Pneumonia’s instrumentation and production are rather slick; Caitlin Cary’s fiddle becomes a violin (that definition is all about context, ya know), and electric guitars are marginalized in favor of 60’s keyboard tones we’ve all heard plenty of times before. This can be attributed to collaborators 1) Ethan Johns, son of the legendary Glyn Johns, who produced the album, and 2) Ryan’s right hand man at this time, multi-instrumentalist Mike Daly, who co-wrote about half the songs here. Fortunately, behind all the dressings, the material is still strong (at least for a while). I guess it’s no surprise that my favorite songs here are the ones that sound most like Whiskeytown – the sentimental “Jacksonville Skyline” is up there with the best Ryan Adams songs, and I’m perhaps even more impressed with “Sit & Listen To The Rain,” to which I can draw a parallel from “Dancing With The Women At The Bar” in that they’re both furrowed brow country songs on which sounds like Ryan really means it. And while “Reasons To Lie” and “Under Your Breath” aren’t the best quiet, contemplative, introspective (or self-absorbed?) acoustic Ryan Adams songs that you’re liable to hear, I’ll take ‘em as worthy stabs at the form – precursors to Heartbreaker, perhaps.

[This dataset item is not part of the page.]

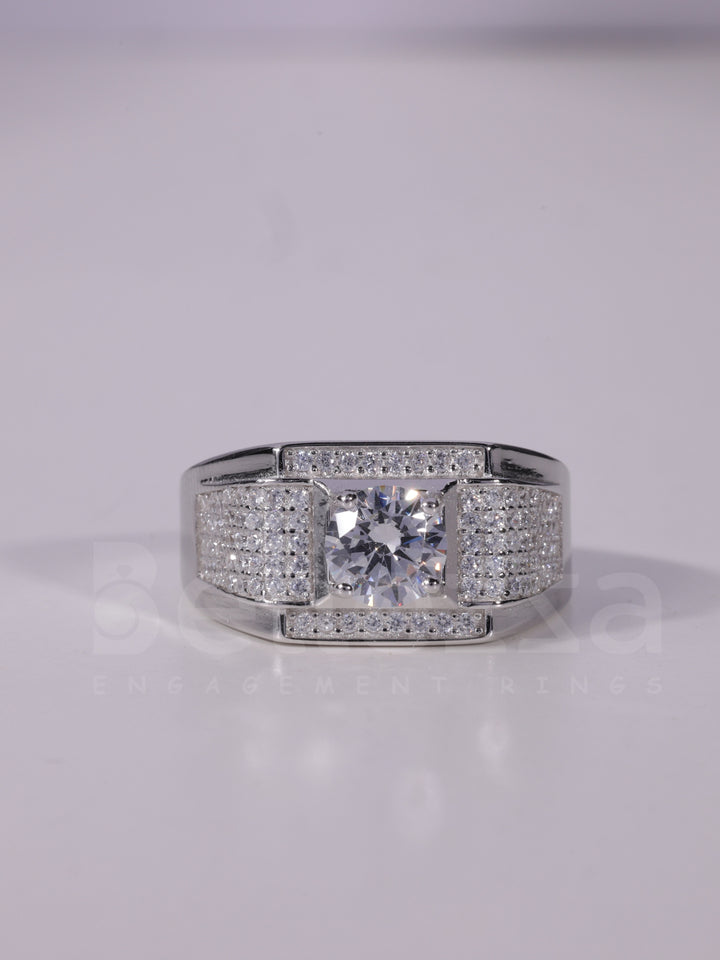 0.50CT Round Cut Cluster Diamond Men's Moissanite Engagement Ring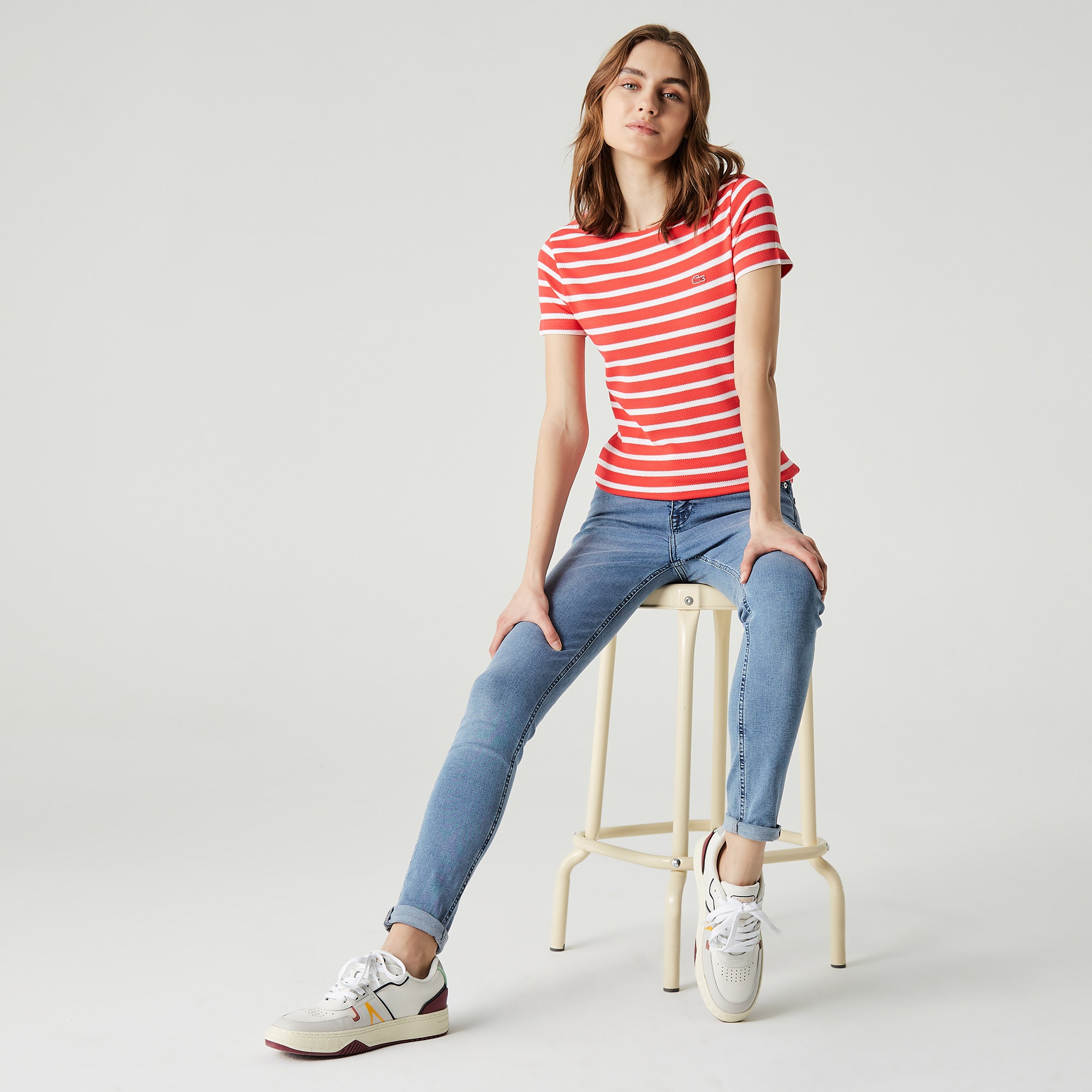 Lacoste Kadın Bisiklet Yaka Çizgili Pembe - Beyaz T-Shirt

James Iha of the Smashing Pumpkins plays guitar and co-writes the predictably cheery “Don’t Be Sad,” a factual tidbit that I do not care about at all. However, I do care that Tommy Stinson of the dearly departed Replacements apparently guests somewhere on here! I’d tell you where, but I don’t actually know where. And who says I should? What do I look like, Wikipedia?

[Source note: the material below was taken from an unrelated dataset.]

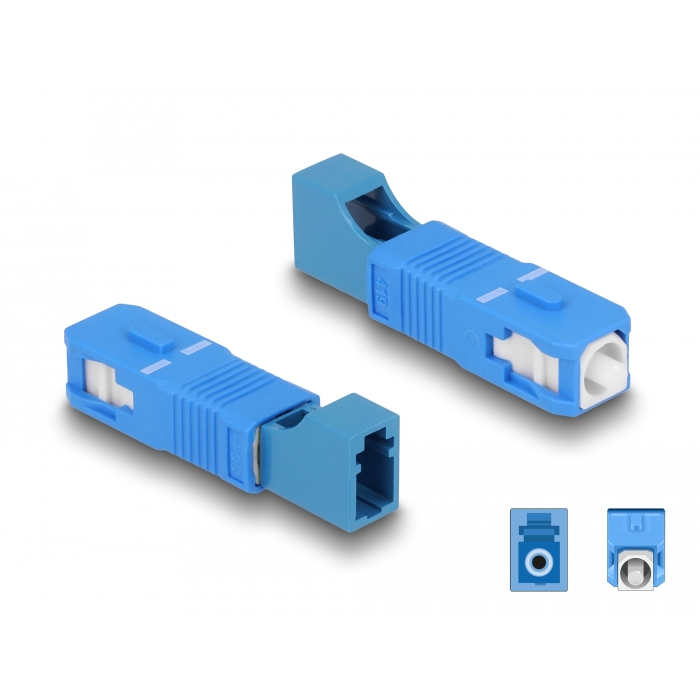 Delock Optikai szál hibrid párosító SC Simplex apa - LC Simplex anya kék (87941) (87941)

The first eight songs here are entirely solid and melodic, but the album really loses me on the back half. The efforts to reestablish some legitimacy after the turds that clog up tracks 9 and 10 are mostly inadequate, commencing with MOR acoustic-electric rocker “Crazy About You” and the embarrassingly blatant Bruce Springsteen rip off “My Hometown” (no, not a cover. Just a rip off). Did they not notice that Ryan was singing in a very obvious approximation of Bruce’s weird fake hick accent? Or that the lyrics contained a bunch of strained “folksy” language a la Bruce? Or that Bruce also has a very fucking famous song called “My Hometown?” Was it supposed to be a parody? Or is it just a pathetically unimaginative attempt at “homage?” Well, you decide. I’m fair and balanced, and having just presented you with the clearly unbiased, objective facts, I shall refrain from further comment. In any case, the closing sequence isn’t brilliant either. The version of “Easy Hearts” on Forever Valentine proved that it’s a beautiful song, but here, it’s overproduced; “Bar Lights” is no more than decent, and the closing hidden track “To Be Evil” veers dangerously close to that dreaded “experimental” territory again and is thus probably the third shittiest song on the album. Or fourth, depending on how much the plagiarism of “My Hometown” bothers you.

I give the first half of this thing a B+ and the second half a high C+, so B sounds about right. It’s one of the weirder last albums I can think of in being such a departure from the band’s previous work without allowing them future opportunities to clarify/develop/redeem/reverse their new direction. Or to go in several directions at once – but I suppose that’s what Ryan Adams solo albums are there for.